The question is, “can this decline can be stopped, or even reversed?” Here is what Patriarch Kirill, the leader of the Russian Orthodox Church, had to say on the matter a few days ago, “the Church wants to influence everyone, ‘including state figures and ordinary people so that the morals the church preaches are adopted by our people's consciousness.’" That may also be our temptation, to preach the Law for the sake of good order in society. But as Christians we know that good deeds do not make good people, but good people do good deeds, and that the only way to make people “good”; that is wanting to do the will of God, is through rebirth in water and the Holy Spirit, so that a new person may rise from the waters of Baptism, who “has the mind of Christ.”

But, knowing that 90% of those Germans who committed atrocities against humanity during the Nazi regime, one has to wonder, “Is Baptism enough?” In the Parable of the Sower our Lord tells us what happens when the seed falls on unsuitable ground. Is the believer responsible for being “good soil”? In all likelihood, at least at the time of our Lord, the same person who sowed the seed prepared the soil for it. I suspect herein lies the reason why the early Church would not baptize children of unbelievers. It is the responsibility of the Church, of parents, of family, of teachers, of friends to provide the environment in which the seed can grow and survive in spite of all of the troubles that will assail even those whose faith is growing in “good soil”. This is part of the preaching of the Law, the Third Use. We talk a lot about witnessing to those outside of the Kingdom, but we rarely address the matter of our responsibility to provide “good soil” for our own children and theirs. If we give it some thought, we begin to realize just how difficult this can become.

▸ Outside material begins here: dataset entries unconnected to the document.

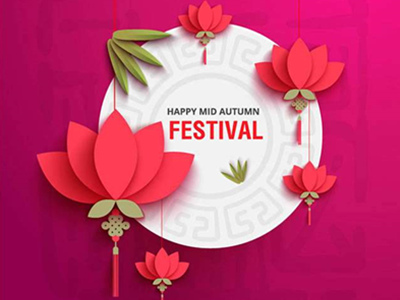 China National Holiday and Mid-Autumn Festival is Coming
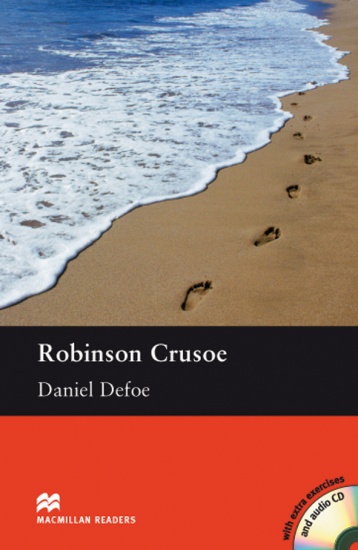 Macmillan Readers Pre-intermediate Robinson Crusoe with Audio CD Macmillan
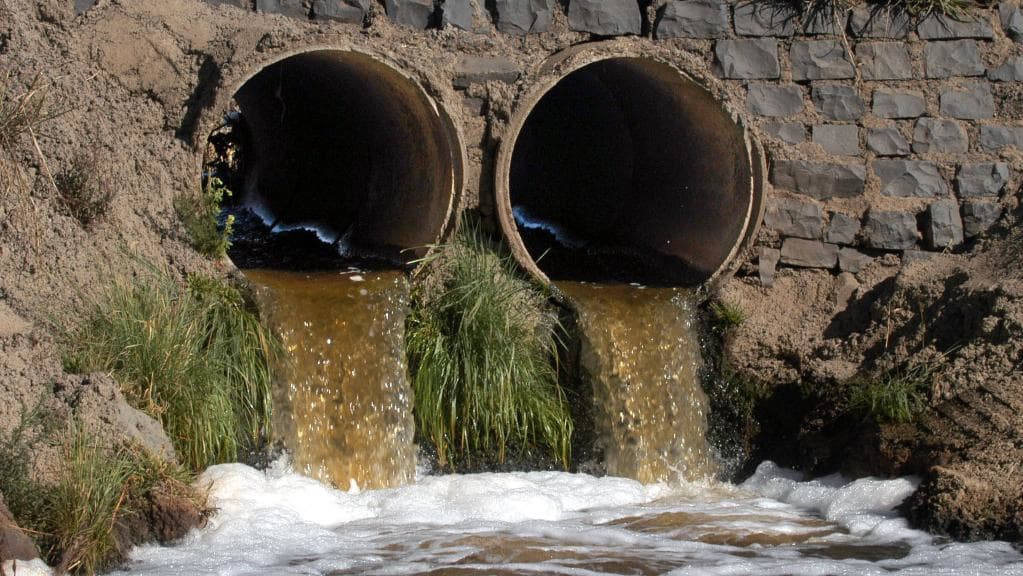 ढलकाे पानिमा भएको जीवाणु र विषाणुले काेराेना सार्दैन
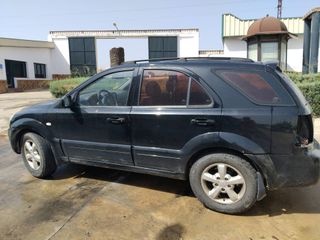 Despiece Kia Sorento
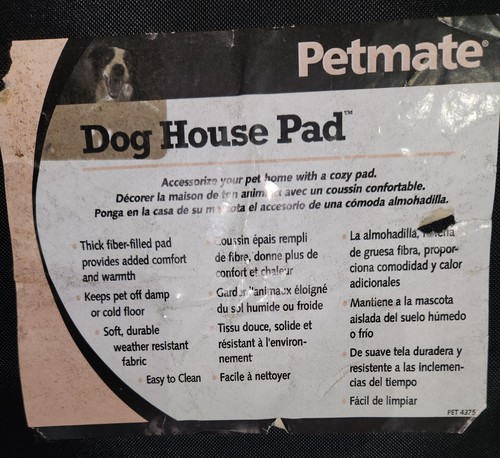 Nuovo petmate dogloo igloo - petmate,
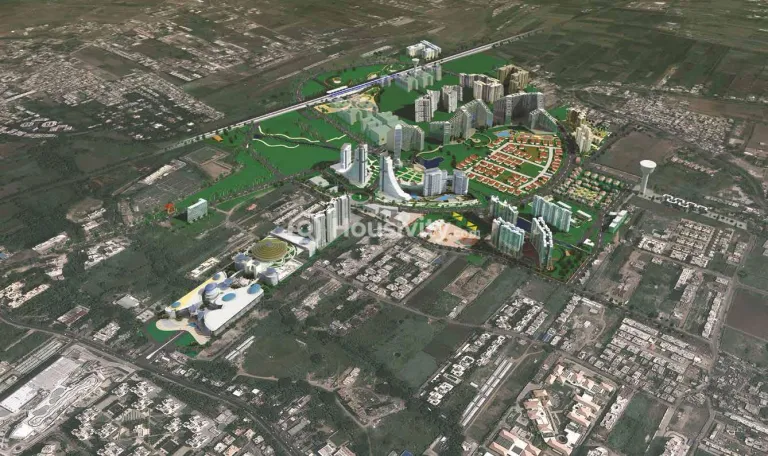 Amanora Arbano Towers Image 10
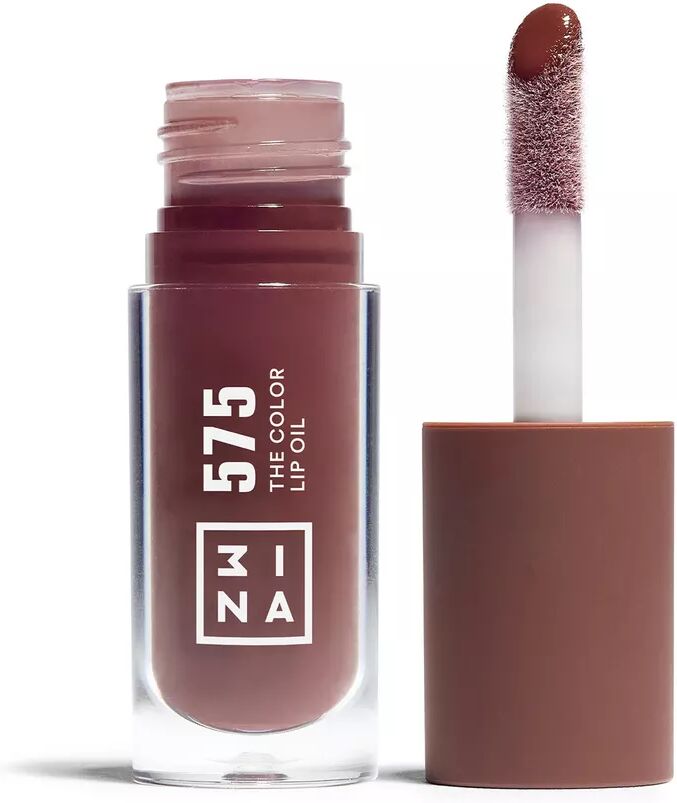 3INA - Lippenöl, 4 ml,  Brown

Obviously I have not exhausted the topic, but before deciding on tactics, one has to decide on strategy. Am I on the right path, or is it more complicated?

Peace and Joy!
George A. Marquart

Anonymous said...

Sorry, a few words were omitted in my posting. The penultimate paragraph should start with the sentence,"But, knowing that 90% of those Germans who committed atrocities against humanity during the Nazi regime were baptized, one has to wonder, “Is Baptism enough?” "were baptized" was left out of the original post.

George A. Marquart

Paul said...

Being baptized, by itself, is not "enough" to make a fully formed disciple of the Lord Jesus. For that, one needs the Holy Spirit, the holy catholic church, the communion of saints, the forgiveness of sins, liturgy, hymnody, catechism, etc.

Anonymous said...

"But the problem we have is that irreverence keeps going further and further and it has become a consuming fire that has left a trail of destruction of our once sacred institutions, truths, practices and shrines (both in and out of church)."

Thank you for saying this. I wish my pastors understood this. When I nicely expressed the lack of reverence in our church to them, I was dismissed by one and ignored by the other. It's like a hen house & treated like a gymnasium now. Makes me so sad.